*** Begin section ***

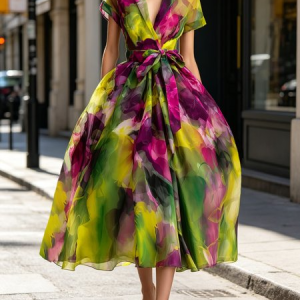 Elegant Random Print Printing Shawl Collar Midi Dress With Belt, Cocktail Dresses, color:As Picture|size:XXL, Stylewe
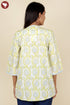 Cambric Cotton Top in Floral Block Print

*** End section ***
*** Begin section ***

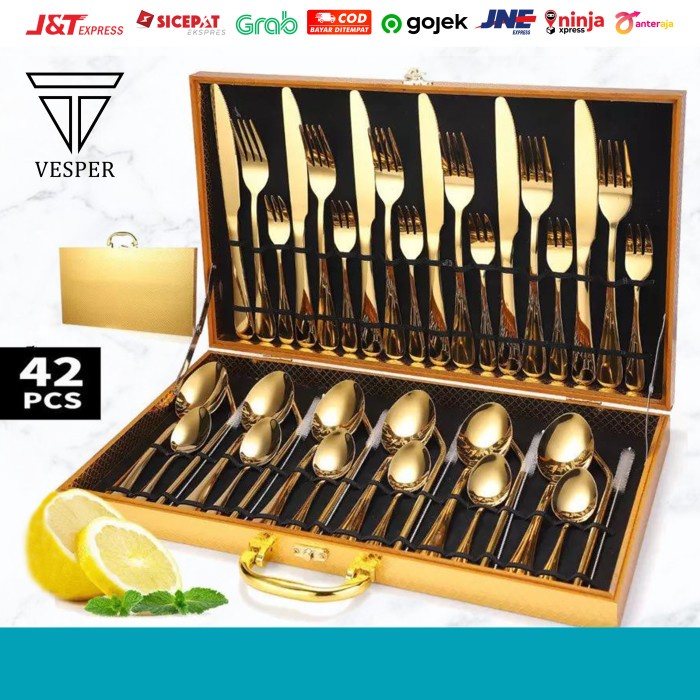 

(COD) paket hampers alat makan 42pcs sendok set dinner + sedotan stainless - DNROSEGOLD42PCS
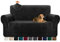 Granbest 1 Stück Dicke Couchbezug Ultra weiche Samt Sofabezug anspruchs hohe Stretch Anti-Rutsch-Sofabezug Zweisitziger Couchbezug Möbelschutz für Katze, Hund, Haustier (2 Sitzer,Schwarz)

*** End section ***
*** Begin section ***

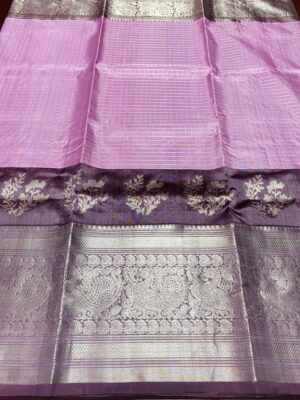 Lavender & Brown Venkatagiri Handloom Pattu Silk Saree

*** End section ***

* Requirement
Copy only what runs above from the line containing "Elegant Random Print" through the line containing "Cambric Cotton Top in Floral Block Print", exactly. Leave out the pictures.

* Exercise output
 Elegant Random Print Printing Shawl Collar Midi Dress With Belt, Cocktail Dresses, color:As Picture|size:XXL, Stylewe
 Cambric Cotton Top in Floral Block Print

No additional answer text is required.